Working with Smokey Robinson, her favorite producer and songwriter, she scored a handful of big crossover hits in the early ’60s. She headlined the label’s early package tours. She was the first Motown artist to be nominated for a Grammy and the first to perform outside the US. She was the Beatles’ favorite American singer, and they took her on a UK tour. And it all came to a head with “My Guy,” the biggest hit of her career.

“My Guy” is a charming song, but it’s a slight one, too. The musicians in the Funk Brothers, the legendary Motown backing band, were keeping themselves amused by quoting the old jazz standards “Canadian Sunset” and “Begin The Beguine,” figuring that the song would never come out anyway.
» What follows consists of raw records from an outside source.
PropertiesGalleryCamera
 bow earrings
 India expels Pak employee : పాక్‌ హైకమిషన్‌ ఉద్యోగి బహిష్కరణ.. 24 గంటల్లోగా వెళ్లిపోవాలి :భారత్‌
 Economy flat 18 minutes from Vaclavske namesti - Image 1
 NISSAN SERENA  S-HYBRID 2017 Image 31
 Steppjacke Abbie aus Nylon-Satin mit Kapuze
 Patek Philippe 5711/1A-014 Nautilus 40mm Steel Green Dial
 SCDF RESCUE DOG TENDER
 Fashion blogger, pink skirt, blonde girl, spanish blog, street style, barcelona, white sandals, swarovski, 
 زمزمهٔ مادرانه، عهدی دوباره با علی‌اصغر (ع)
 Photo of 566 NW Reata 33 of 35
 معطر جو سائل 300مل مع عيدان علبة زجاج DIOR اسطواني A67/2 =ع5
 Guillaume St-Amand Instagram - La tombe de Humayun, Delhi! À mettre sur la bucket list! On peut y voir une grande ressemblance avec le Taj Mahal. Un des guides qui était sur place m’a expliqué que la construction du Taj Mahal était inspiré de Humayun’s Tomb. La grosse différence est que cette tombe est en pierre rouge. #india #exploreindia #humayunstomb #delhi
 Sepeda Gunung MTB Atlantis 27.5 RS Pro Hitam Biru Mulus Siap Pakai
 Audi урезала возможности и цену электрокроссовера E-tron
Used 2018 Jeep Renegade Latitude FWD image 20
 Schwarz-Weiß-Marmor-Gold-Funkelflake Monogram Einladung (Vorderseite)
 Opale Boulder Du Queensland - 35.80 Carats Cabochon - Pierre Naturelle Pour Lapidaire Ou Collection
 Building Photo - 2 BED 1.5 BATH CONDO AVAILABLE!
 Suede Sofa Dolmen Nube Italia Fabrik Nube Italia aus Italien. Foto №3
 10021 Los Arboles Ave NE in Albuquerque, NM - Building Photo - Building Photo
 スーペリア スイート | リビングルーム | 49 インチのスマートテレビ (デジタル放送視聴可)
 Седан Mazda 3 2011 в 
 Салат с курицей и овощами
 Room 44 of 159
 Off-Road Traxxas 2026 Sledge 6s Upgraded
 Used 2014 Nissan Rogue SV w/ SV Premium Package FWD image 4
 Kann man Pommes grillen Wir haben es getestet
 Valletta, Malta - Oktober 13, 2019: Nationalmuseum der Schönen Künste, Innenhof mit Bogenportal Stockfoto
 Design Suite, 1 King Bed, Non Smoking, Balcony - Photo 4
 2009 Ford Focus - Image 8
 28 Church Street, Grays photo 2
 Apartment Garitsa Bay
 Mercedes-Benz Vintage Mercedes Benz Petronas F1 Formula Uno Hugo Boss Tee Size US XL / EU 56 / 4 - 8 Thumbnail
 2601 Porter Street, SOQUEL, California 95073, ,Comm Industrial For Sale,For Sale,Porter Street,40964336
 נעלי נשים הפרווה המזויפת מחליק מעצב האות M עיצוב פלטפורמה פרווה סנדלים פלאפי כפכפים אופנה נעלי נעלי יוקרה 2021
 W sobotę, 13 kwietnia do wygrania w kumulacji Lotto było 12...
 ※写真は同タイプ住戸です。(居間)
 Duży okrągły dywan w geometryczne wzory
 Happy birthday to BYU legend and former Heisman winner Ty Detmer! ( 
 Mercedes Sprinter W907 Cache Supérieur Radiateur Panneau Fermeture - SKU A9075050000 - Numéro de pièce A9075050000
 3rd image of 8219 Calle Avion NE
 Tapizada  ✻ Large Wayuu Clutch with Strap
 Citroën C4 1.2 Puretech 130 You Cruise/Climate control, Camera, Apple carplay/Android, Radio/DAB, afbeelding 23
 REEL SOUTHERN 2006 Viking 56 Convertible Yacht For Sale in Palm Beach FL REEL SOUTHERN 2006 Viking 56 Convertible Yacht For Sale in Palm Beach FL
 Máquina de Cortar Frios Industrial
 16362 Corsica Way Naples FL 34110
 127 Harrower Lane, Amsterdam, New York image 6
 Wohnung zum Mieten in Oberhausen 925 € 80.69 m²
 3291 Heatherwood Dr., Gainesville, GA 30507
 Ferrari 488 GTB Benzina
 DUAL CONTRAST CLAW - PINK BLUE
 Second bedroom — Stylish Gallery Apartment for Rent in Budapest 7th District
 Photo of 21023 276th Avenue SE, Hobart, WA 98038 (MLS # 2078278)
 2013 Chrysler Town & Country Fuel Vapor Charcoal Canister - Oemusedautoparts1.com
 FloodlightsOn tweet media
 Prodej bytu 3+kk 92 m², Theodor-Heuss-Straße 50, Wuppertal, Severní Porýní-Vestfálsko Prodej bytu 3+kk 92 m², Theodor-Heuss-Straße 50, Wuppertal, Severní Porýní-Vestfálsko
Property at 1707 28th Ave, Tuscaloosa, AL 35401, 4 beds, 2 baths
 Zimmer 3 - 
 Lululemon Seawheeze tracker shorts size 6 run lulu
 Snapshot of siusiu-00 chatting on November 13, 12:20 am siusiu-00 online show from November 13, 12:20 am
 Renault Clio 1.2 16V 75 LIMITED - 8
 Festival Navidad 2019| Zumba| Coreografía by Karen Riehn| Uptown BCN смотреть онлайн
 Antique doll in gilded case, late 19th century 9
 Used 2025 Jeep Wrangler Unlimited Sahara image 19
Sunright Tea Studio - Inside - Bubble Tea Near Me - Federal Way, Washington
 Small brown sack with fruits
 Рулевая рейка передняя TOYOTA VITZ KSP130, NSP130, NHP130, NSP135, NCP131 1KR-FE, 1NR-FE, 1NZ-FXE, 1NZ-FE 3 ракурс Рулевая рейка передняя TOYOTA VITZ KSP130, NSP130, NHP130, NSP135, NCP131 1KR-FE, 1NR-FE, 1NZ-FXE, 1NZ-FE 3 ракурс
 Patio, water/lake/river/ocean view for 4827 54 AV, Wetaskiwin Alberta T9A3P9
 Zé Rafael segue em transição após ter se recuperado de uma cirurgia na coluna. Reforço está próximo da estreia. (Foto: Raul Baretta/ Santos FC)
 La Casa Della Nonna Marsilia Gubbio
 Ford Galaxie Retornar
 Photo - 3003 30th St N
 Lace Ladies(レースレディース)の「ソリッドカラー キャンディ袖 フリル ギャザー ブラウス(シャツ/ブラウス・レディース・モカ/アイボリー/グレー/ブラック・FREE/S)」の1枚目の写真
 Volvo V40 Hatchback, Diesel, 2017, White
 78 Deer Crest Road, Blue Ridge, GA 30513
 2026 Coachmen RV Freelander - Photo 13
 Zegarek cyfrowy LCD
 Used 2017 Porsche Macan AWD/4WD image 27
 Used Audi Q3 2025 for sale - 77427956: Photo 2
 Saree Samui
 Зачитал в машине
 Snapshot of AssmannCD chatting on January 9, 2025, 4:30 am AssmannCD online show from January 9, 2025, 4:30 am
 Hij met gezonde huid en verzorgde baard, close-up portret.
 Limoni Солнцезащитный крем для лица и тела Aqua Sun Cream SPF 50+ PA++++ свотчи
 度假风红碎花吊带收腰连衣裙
But if you aren’t listening for those little touches, you hear a sunny and unambitious shuffle, artfully arranged but lightweight. The best moments are the smallest ones, like the bit toward the end where James Jamerson’s complicated bassline steps into the spotlight.

Smokey Robinson wrote the song, and it’s a pledge of fealty so simplistic that it almost works as a nursery rhyme: “He may not be a movie star / But when it comes to being happy, we are.” (A year later, Robinson wrote the Temptations’ “My Girl” as a sort of gender-flipped version of “My Guy.”) Wells floats through the song with an effortless sort of grace. She doesn’t oversing. Instead, she uses phrasings that remind me more of mid-century jazz-pop singers than of what we’d come to understand as soul music.

A hit like this probably should’ve led to great things from Wells, but that’s not what happened. Egged on by her husband at the time and pissed over the way the label used the money she thought she’d earned to promote the Supremes, Wells demanded to be let out of her Motown contract. (Many years later, when she was battling cancer without health insurance, she sued Motown for missing royalties and got a settlement.) Soon enough, Wells signed with 20th Century Fox for more money. But while she kept releasing charting singles into the early ’80s, she never got anywhere near the top 10 again. She went through bad marriages, publicized affairs, temporary retirements, and cancer, before a bout with pneumonia finally killed her in 1992, when she was 49.